Rescue Food is a campaign for the New York-based City Harvest charity that encourages residents of the Big Apple not to waste food, but to donate it -- along with time and money -- to the city's homeless. To promote the campaign, the organization commissioned a series of videos, of which the latest is Suicidal Cabbage by Nathan Love, the animation house run by its eponymous director. The spot combines a humorous tone, an engaging central character and an unusual painterly artistic style.
We sat down with executive producer Mike Harry to find out how the project was created.
DA: How did you come to be involved in the Rescue Food project?

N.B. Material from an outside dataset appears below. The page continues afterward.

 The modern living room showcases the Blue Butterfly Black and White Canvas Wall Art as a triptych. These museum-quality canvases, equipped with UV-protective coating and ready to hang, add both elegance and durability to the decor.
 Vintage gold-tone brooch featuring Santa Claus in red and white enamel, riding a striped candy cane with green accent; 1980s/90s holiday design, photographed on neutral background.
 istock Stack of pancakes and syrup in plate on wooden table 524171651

MH: We became involved with the Rescue Food project through [agency] DraftFCB, after we were awarded the Chips Ahoy campaign last year. Producer Michelle Carman and creative director Will Tran had taken on the Rescue Food campaign for City Harvest around the same time, and Suicidal Cabbage was one of a series of animated shorts created by various studios and individuals.
DA: What was the brief?
MH: The clients’ initial direction was an eerily hilarious concept and script. Placing a suicidal cabbage on a ledge high up on a skyscraper offered a lot of possibilities regarding the character and environment design. Fortunately, our collaboration with Michelle and Will allowed us enough creative freedom and support to really give this spot a lot of attention and love.

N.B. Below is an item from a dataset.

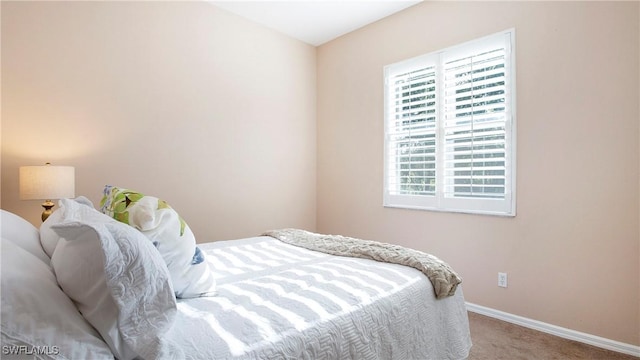 761 Grand Rapids Blvd, Naples, FL 34120 - carpeted bedroom with baseboards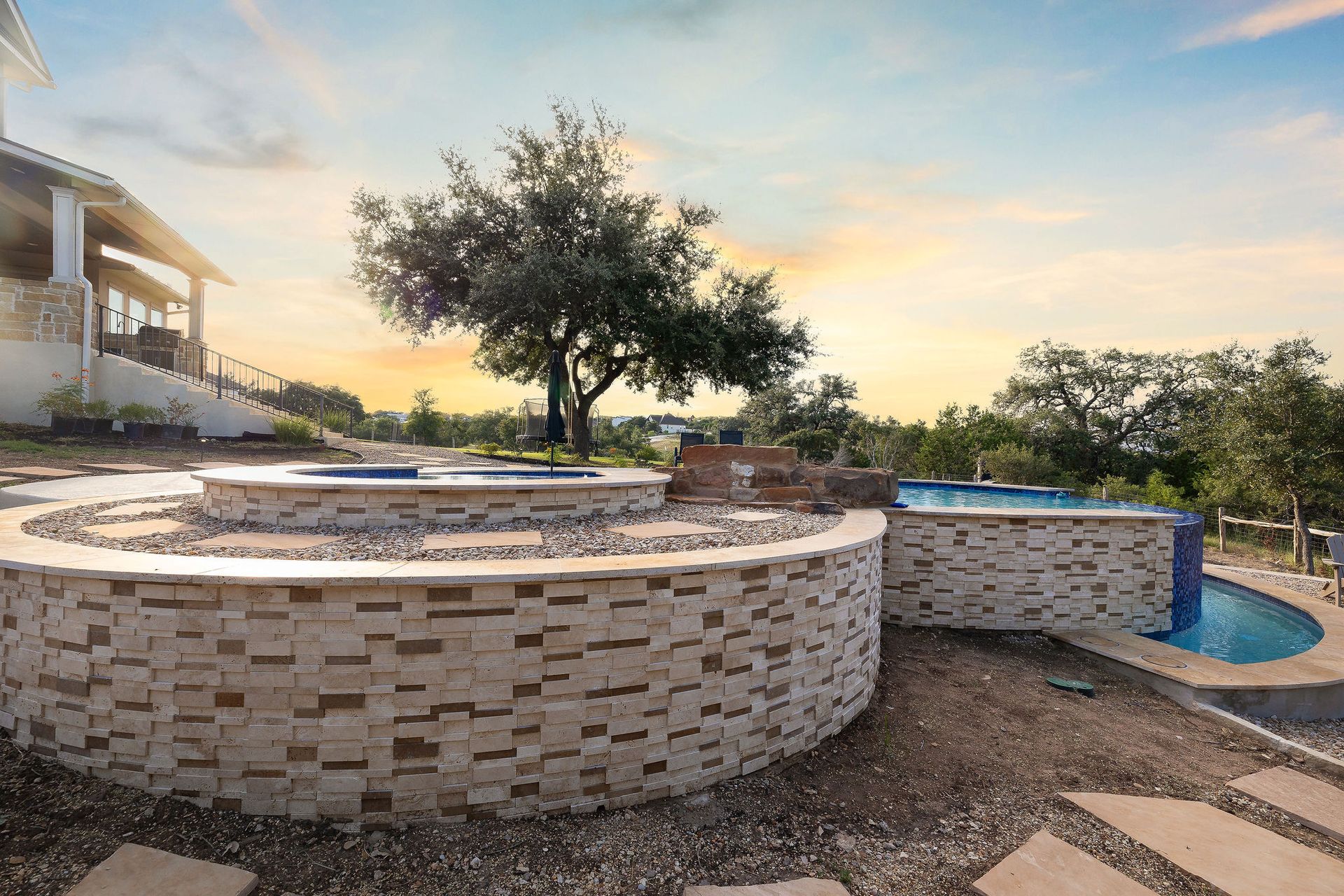 Backyard patio with circular stone fire pit, pool, and a tree at sunset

DA: What were your original thoughts about the concept for this piece?
MH: We wanted to create a piece that was visually unique from anything else out there. The team is always experimenting with new styles and techniques to showcase our animation and storytelling skills. The idea was for every single frame to look like an individual painting, but have it work seamlessly in motion as well.
From a creative perspective, we handled all steps of production including: character design, storyboarding, animation, lighting, compositing, FX, rendering, sound design, voiceover, and music. We pulled a lot of reference and completed a ton of R&D to develop the final look and feel of the piece. One of our character animators even spent an afternoon on a ledge outside of our office ... but now that we think about it, that was well before we were awarded this spot.